= TASK DIRECTIONS =
The records below must be copied in full; omit the images.

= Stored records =

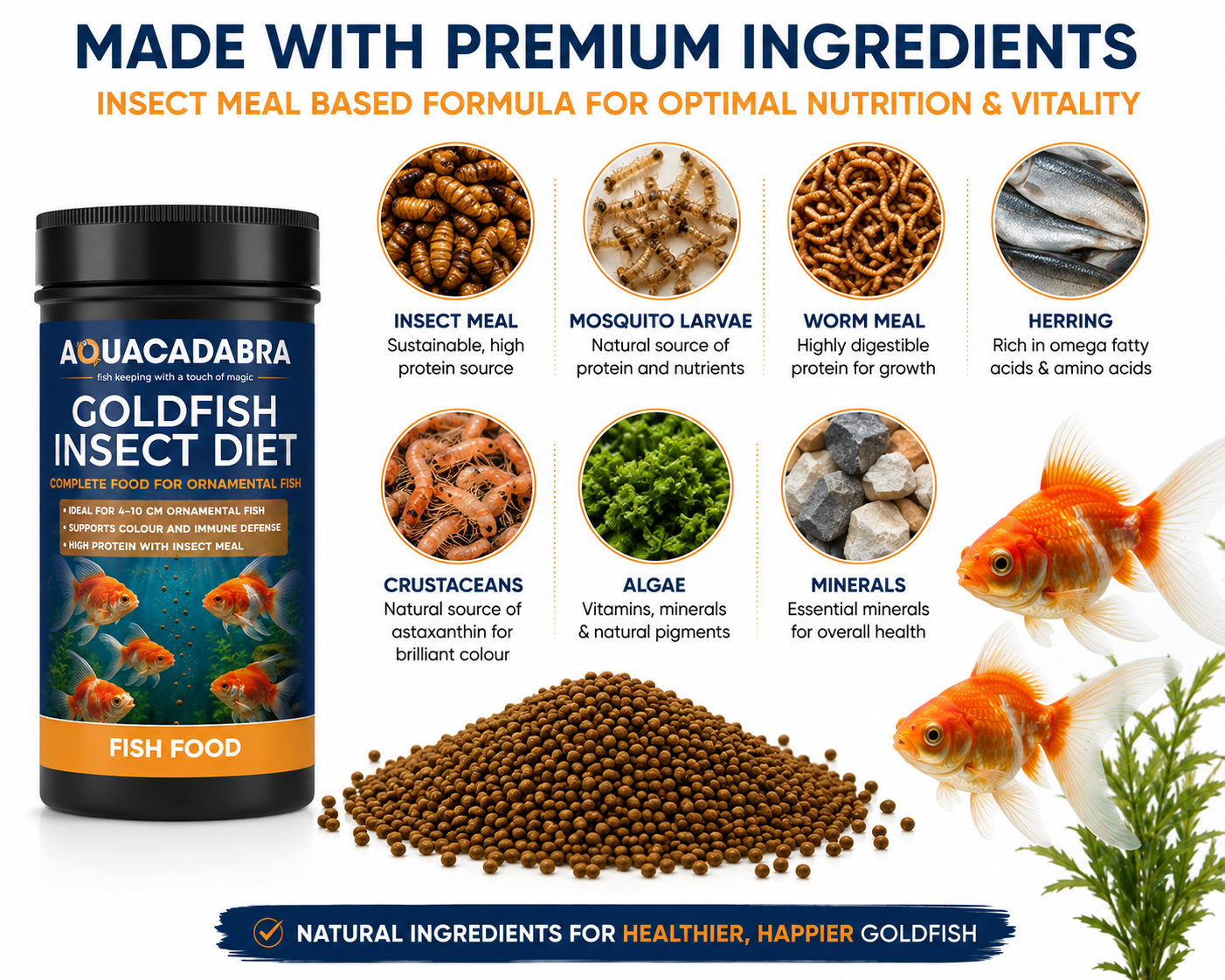 Aquacadabra Goldfish Insect Diet Sinking Granules Fish Food 125g 500g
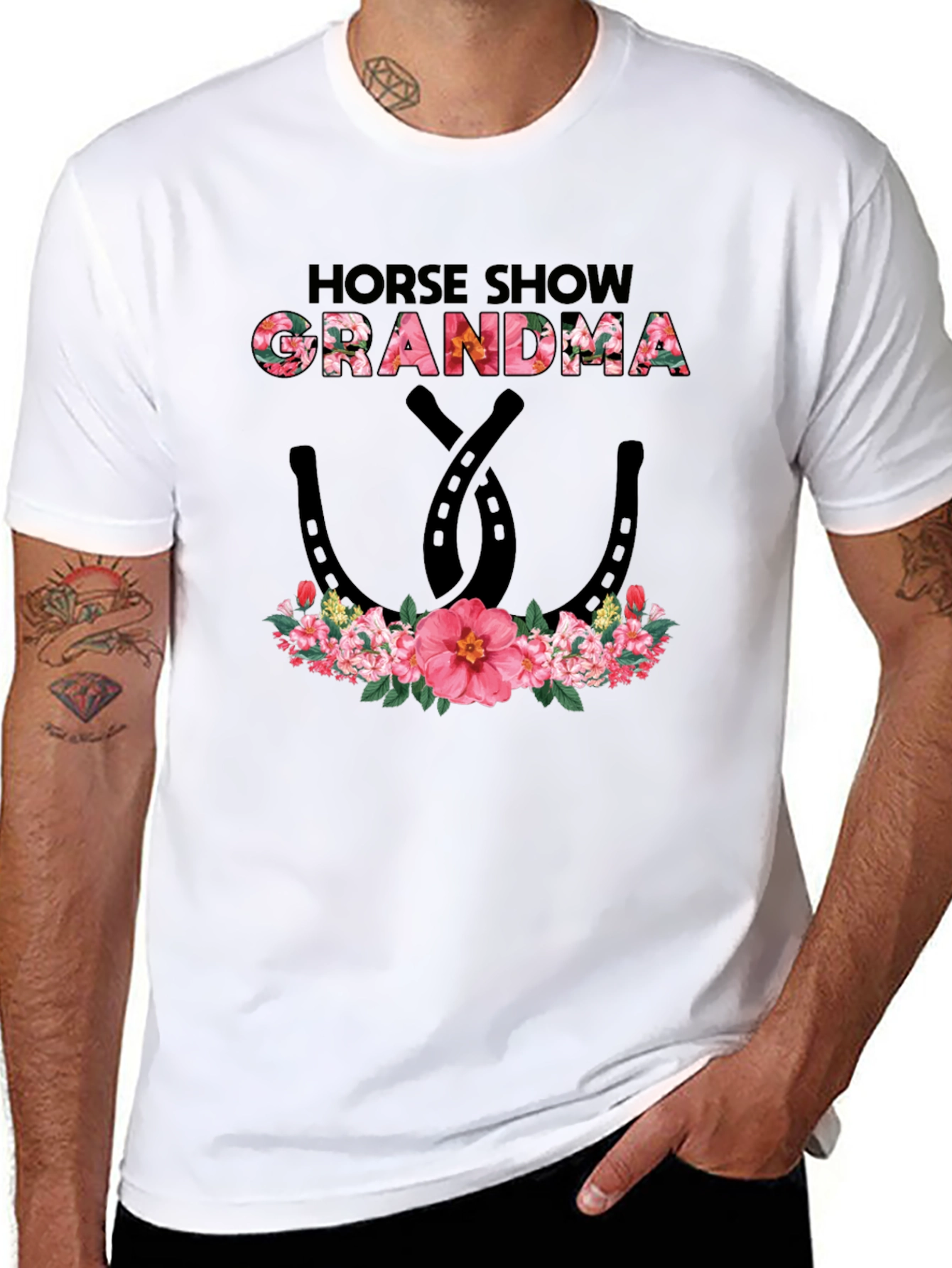 Black Horse Show Grandma Floral Graphic Tee view 8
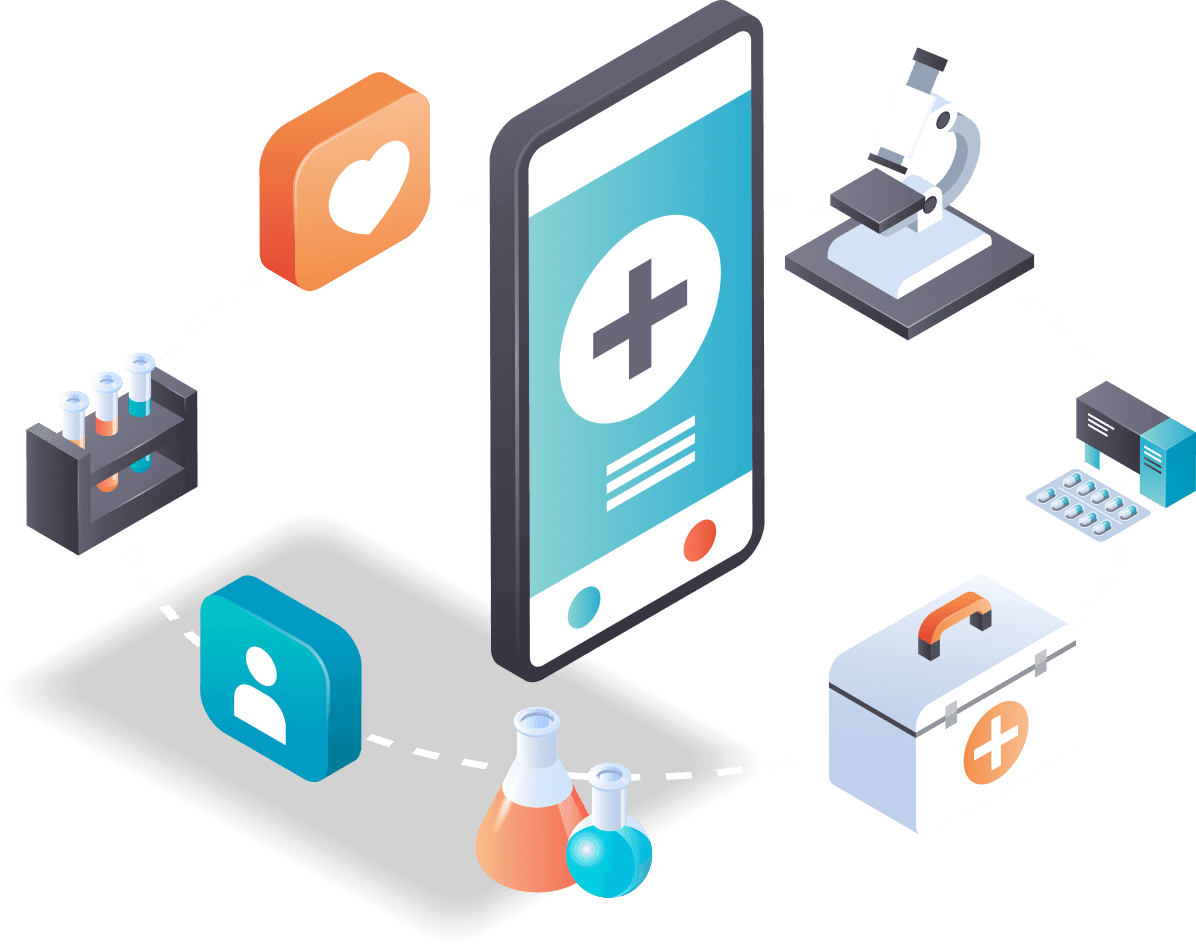 Illustration of a mobile health record connected to lab, pharmacy, and patient data sources.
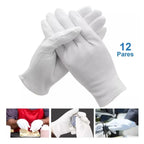 Guantes Blancos Algodon 12 Pares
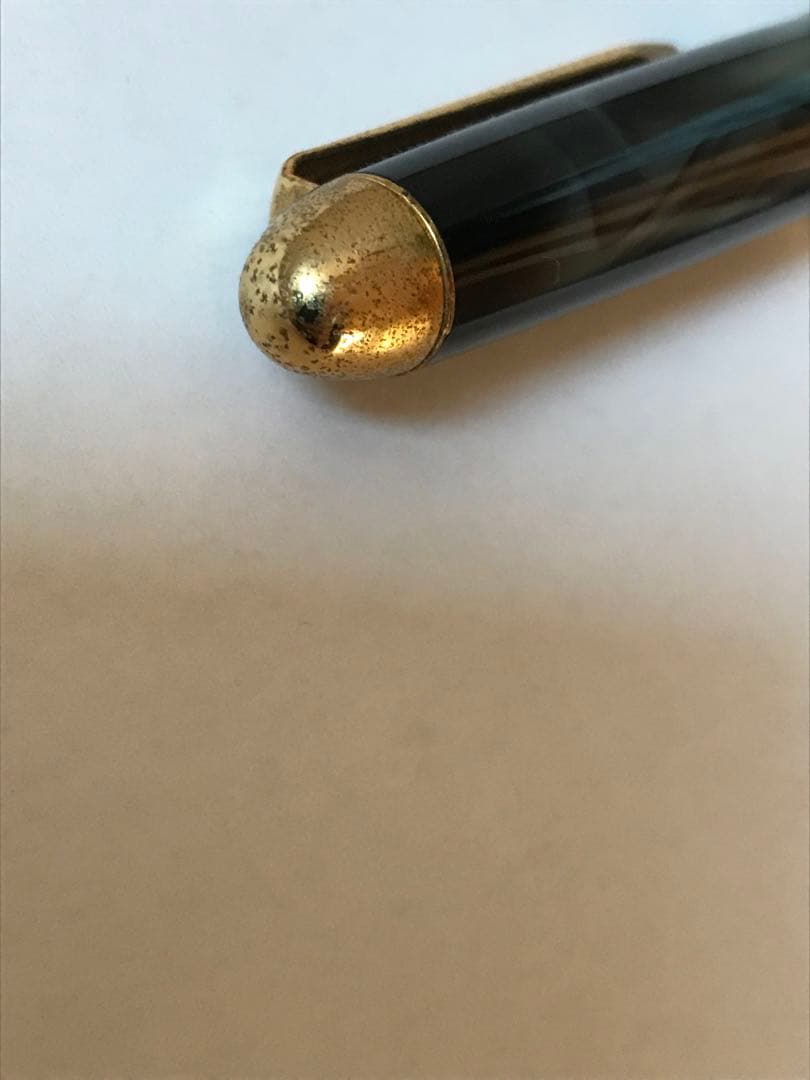 Showa Retro Ballpoint Pen Marble Pattern 5.9" Used Plastic Gold Accents | Suadpens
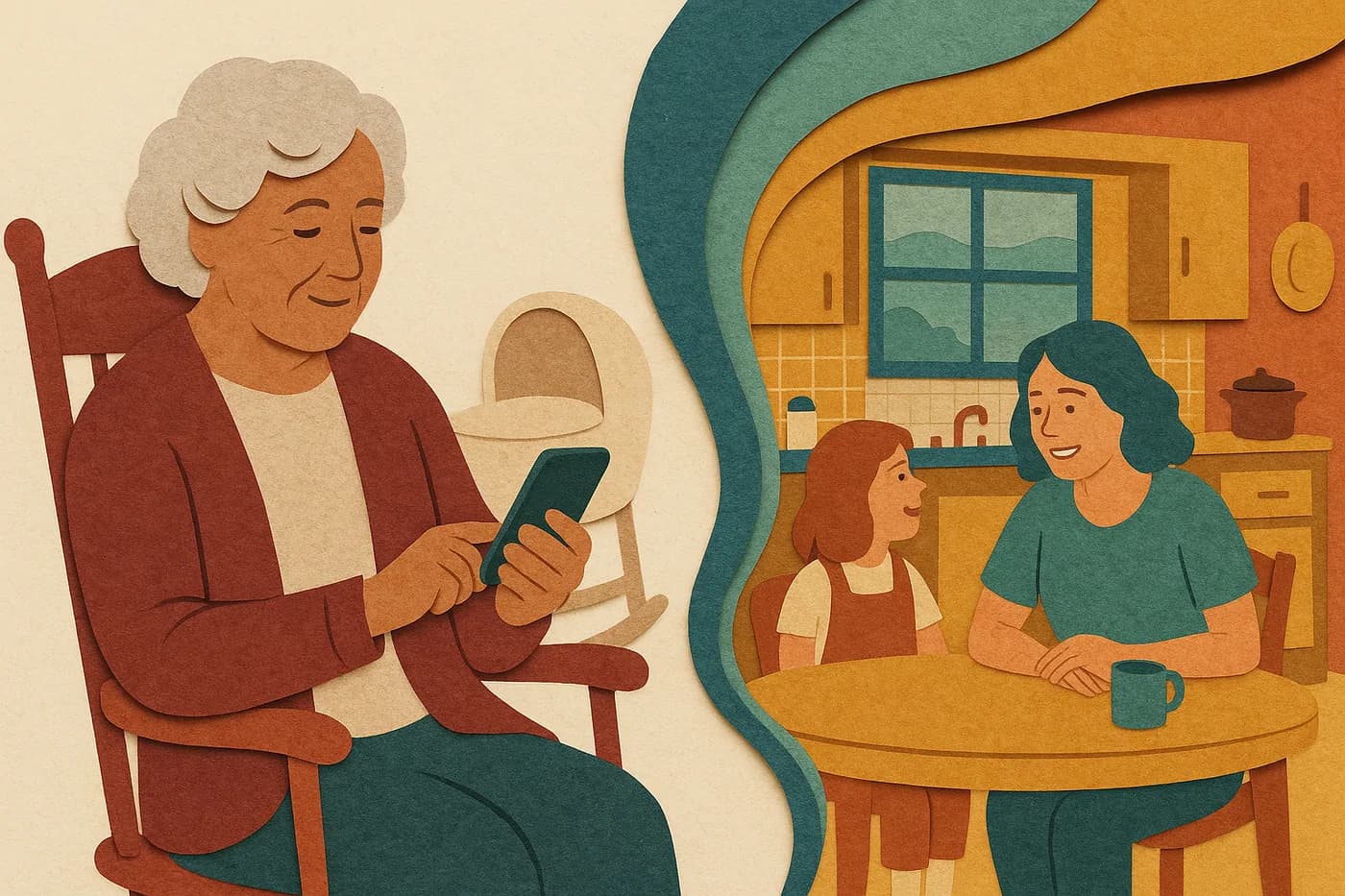 A new grandmother in a rocking chair with her phone in hand and a bassinet just visible behind her, her own childhood kitchen unfolding in layered paper beside her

= SOLUTION TO THE PROBLEM =
 Aquacadabra Goldfish Insect Diet Sinking Granules Fish Food 125g 500g
 Black Horse Show Grandma Floral Graphic Tee view 8
 Illustration of a mobile health record connected to lab, pharmacy, and patient data sources.
 Guantes Blancos Algodon 12 Pares
 Showa Retro Ballpoint Pen Marble Pattern 5.9" Used Plastic Gold Accents | Suadpens
 A new grandmother in a rocking chair with her phone in hand and a bassinet just visible behind her, her own childhood kitchen unfolding in layered paper beside her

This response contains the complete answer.